#7 想像、あるいは創造
平坂はゆっくりと話し始めた。
「この前話したと思うけど、私は神を信じていない。というよりも、人を救わないような神なんて必要ないと思ってる」
家族を奪われた平坂の得た、ひとつの答えがそれ。
「夜方君はさ、神ってなんだと思う?」
無から光あれと世界を作りたまいし父なる神。…特定の宗教に影響されすぎだな、それは。

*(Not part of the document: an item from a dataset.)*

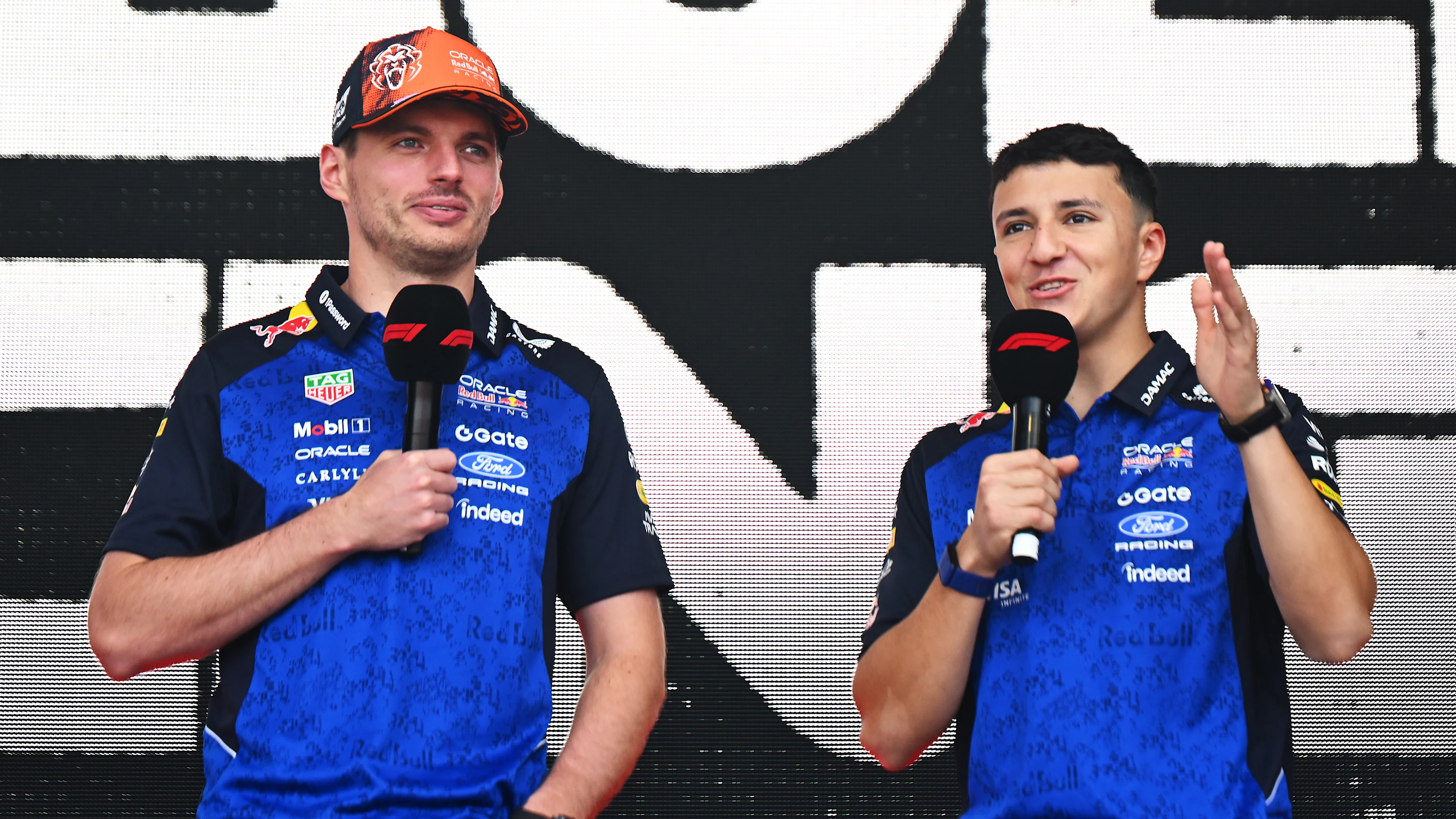 SPA, BELGIUM - JULY 17: Max Verstappen of the Netherlands and Oracle Red Bull Racing and Isack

世界をこのフォーマットで形成した始めの者。それが僕の思う神。
「一般論的にはそうだよね。でも私はもう一段階進んで考えてみた」
「つまり?」
「造物主としての神は一旦棚に上げて、もう一種類の神が想定できるよね」
造物主ではない神。つまりそれはあらゆる宗教や神話における天地創造以後の神のことだろうか。
「おしい。それはね、世界の運営者としての神」
僕の答えを拡張するように、平坂が続けた。運営者としての神?
僕が考え込んでいる間に、平坂は玉子焼きを箸で半分に割り、口に運んだ。
「天地創造より後の神は、各々世界の構成要素を担うために生み出された。火の神とか水の神とか、そんな感じ。それはつまり、はじまりの神が作った世界を円滑に運営していく役割を与えられたとも言える」
ちゃんと玉子焼きを飲み込んでから、平坂が再び口を開く。
平坂の論は少しの違和感はあるが、概ね納得のいくものだった。
「私が敵とみなすのはね、そんな世界を運営している『神』なんだよ。造物主は基本的にその後の世界にはノータッチ。では世界をこんな風に回してるのは誰の責任かってこと」
平坂の言葉は続く。
「時代は下って、神は科学に次々と貶められていった。でも『神』は固有名詞じゃなくて、厳密には役職みたいなものだと私は思うの。だから神はある意味で不滅。その座に座る者がいなくならない限りはね」
神秘とされていた御業は、現代では小学生でも知っている化学反応だった。
そんな話は世界中あらゆる場所に溢れかえっている。
「人間の世界は、その時々によって挿げ替わる『神の座にいる者』によって運営されてきた。それなら、今の人間社会の在り方を方向付けるものってなに?」
それはすでに答えが出ている気がするけど。
「それこそ『神』なんじゃないのか?」
平坂は少しもどかしそうに口を結んで、また開いた。
「じゃあ、人間社会の在り方を方向付ける『神』って何だと思う?」
これはおそらく核心。平坂の憎悪の対象が、この問の先にいる。
僕はそれを確かに感じた。そして僕の答えを待たず、平坂があっさりとその名を口にした。
「それはね、人間だよ」
平坂は満面の笑みで、そう言った。